Awesome

Apache Pulsar extension for Mongoose

Content

Introduction
Features
Deployment 3.1. Basic 3.2. Docker 3.2.1. Standalone 3.2.2. Distributed 3.2.2.1. Additional Node 3.2.2.2. Entry Node
Configuration 4.1. Specific Options 4.2. Tuning
Usage 5.1. Message Operations 5.1.1. Create 5.1.2. Read 5.1.2.1. Basic 5.1.2.2. Tail 5.1.2.3. End-to-end Latency 5.2. Topic Operations 5.2.1. Create 5.2.2. Read 5.2.3. Update 5.2.4. Delete
Open Issues
Development 7.1. Build 7.2. Test 7.2.1. Automated 7.2.1.1. Unit 7.2.1.2. Integration 7.2.1.3. Functional 7.2.2. Manual

1. Introduction

Pulsar	Mongoose
Message	Data Item
Topic	Item Path or Data Item

2. Features

Authentication: https://mongoose-issues.atlassian.net/browse/PULSAR-4
SSL/TLS: https://mongoose-issues.atlassian.net/browse/PULSAR-1
Item Types:
- data: corresponds to a message
- path: corresponds to a topic
- token: not supported
Supported load operations:
- create (messages)
- read (messages)
- updae (topics appending, TODO)
- delete (topics, TODO)
Storage-specific:
- End-to-end latency measurement

3. Deployment

3.1. Basic

Java 11+ is required to build/run.

Get the latest mongoose-base jar from the maven repo and put it to your working directory.

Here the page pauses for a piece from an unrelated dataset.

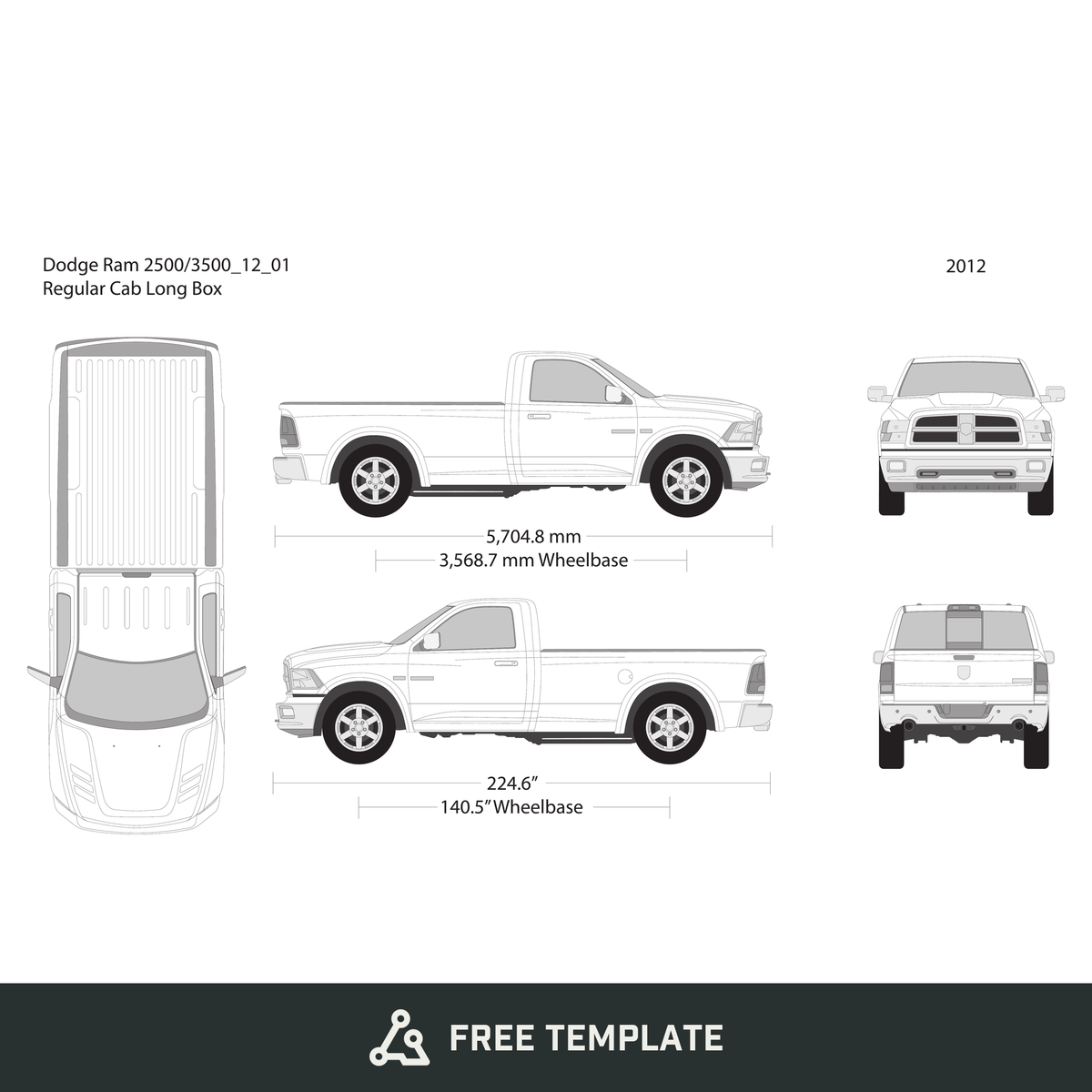 2012 Dodge Ram 2500_3500 free vector vehicle wrap template - GravBase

Note the particular version, which is referred as BASE_VERSION below.
Get the latest mongoose-storage-driver-coop jar from the maven repo and put it to the ~/.mongoose/<BASE_VERSION>/ext directory.
Get the latest mongoose-storage-driver-pulsar jar from the maven repo and put it to the ~/.mongoose/<BASE_VERSION>/ext directory.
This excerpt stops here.